幕藩体制下における刑法文書の相関性と法概念の形成過程

研究課題

研究課題/領域番号 19K01250
研究機関熊本大学

研究代表者

安高 啓明  熊本大学, 大学院人文社会科学研究部(文), 准教授 (30548889)

研究期間 (年度) 2019-04-01 – 2024-03-31
キーワード刑法草書 / 熊本藩 / 細川重賢 / 徒刑
研究実績の概要

熊本藩刑法草書と関係する法制史料の調査を行なうにあたり、まず、永青文庫資料で重要とされる刑法草書の分析を行った。

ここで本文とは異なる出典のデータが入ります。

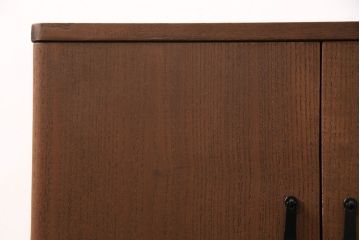【オーダー注文・受注生産商品】どんなインテリアにも合わせやすい、シンプルでモダンなデザイン!幅広い世代の方におすすめの置型仏壇です。前開きの扉はスペースを最大限に有効活用し、サイズもコンパクトに。お客様のご希望に合わせたオーダーも可能。大切な家族のために次世代につなぐ、ラフジュ工房オリジナルのお仏壇(小型仏壇、手作り仏壇)(R-050744)
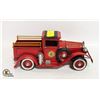 Image 1 : RED METAL FIRETRUCK MANTEL DECOR PIECE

永青文庫本の刑法草書は既に活字化されており、その性格付けや編纂過程が明らかにされている。本年度の調査としては、刑法草書の原本との突合を中心に行なったとともに、「例」や「盗賊」といった関係する法制史料の相関性について分析した。また、熊本藩法制史料の全体構造と、裁判部局である刑法方がどのようにこれを活用していたのかを明らかにした。俯瞰的に熊本藩法制史料をとらえることができたため、次年も引続き永青文庫に残る法制史料を調査していきたい。
また熊本藩筆頭家老の松井家に伝わる刑法草書と関連資料の調査を行なった。熊本大学附属図書館にある松井家文書には熊本藩法制史料と関連するものが含まれており、その一部の撮影を行なうことができた。残りの史料撮影と資料分析は次年度に引き継ぐが、永青文庫の法制史料を意識した文書群になっていることが明らかにすることができた。熊本・八代を包摂して、熊本藩内でどのような法体系が構築されていたのかを引き続き検証していく。
熊本藩以外として佐賀藩鍋島家の調査を行なった。刑法草書の写本の調査はもとより、徒刑にまつわる文書が現存している。熊本藩法制と比較する上で、両文書は重要なものであり、徒刑に関しては、佐賀藩の独自性も垣間見られた。その成果は、2020年度中に発表する予定で準備している。
1年目は熊本を中心に東京および近県の調査に留まったが、法典調査はもとより実体刑法の分析も行なうことができた。また江戸にどのように伝播していったのかも把握することができたため、2020年度さらに調査を進めていくことができる。

現在までの達成度 (区分)
現在までの達成度 (区分)

2: おおむね順調に進展している

理由

本年度は熊本藩法制史料の全体像を把握する予定でおり、永青文庫史料の調査を主に考えていた。しかし、松井家文書にも関連史料があることが確認でき、より俯瞰的に熊本藩法制を調査することができた。また、熊本藩法制史料の構造を2019年度に示すことができたのは大きな成果だった。熊本藩ばかりでなく、佐賀藩を比較検討することができた点も次年度につながるものとなった。本年度は徒刑に着目したがそれ以外の類似法制にも着目していきたい。本格調査には至らなかったものの江戸や久留米など、伝播地域を把握することができたことも上記の理由として挙げておく。

今後の研究の推進方策

今後の計画として次の通り考えている。
1.熊本藩徒刑と佐賀藩徒罪の比較検討:熊本藩法制の特徴は徒刑の導入である。これは近代的刑罰として位置付けられており、各藩で模範とされていった。同じく徒を導入した藩である佐賀藩を対象にした比較研究を行ない、通底される刑政概念を検討していき、その成果を2020年度に発表する。
2.刑法草書の伝播構造:刑法草書は松井家、鍋島家のほか、国立国会図書館所蔵本もあることが確認できた。それぞれにどのような相違点がみられ、特色があるか。史料学的観点から検証し、2021年度中に成果を公表できるように準備を進めていく。
3.宝暦の改革の研究:細川重賢が実施した宝暦の改革は、熊本藩法制の基盤をつくったものである。その全体像を詳らかにすることは、行政と司法が未分離の近世社会において重要なことである。宝暦の改革前後の熊本藩政を含めて宝暦の改革の本質を検討していく。なお、細川重賢に着目した成果を事業期間内に公表したい。

  • 研究成果

    (7件)

すべて 2020 2019

すべて 雑誌論文 (4件) (うち査読あり 2件) 学会発表 (1件) 図書 (2件)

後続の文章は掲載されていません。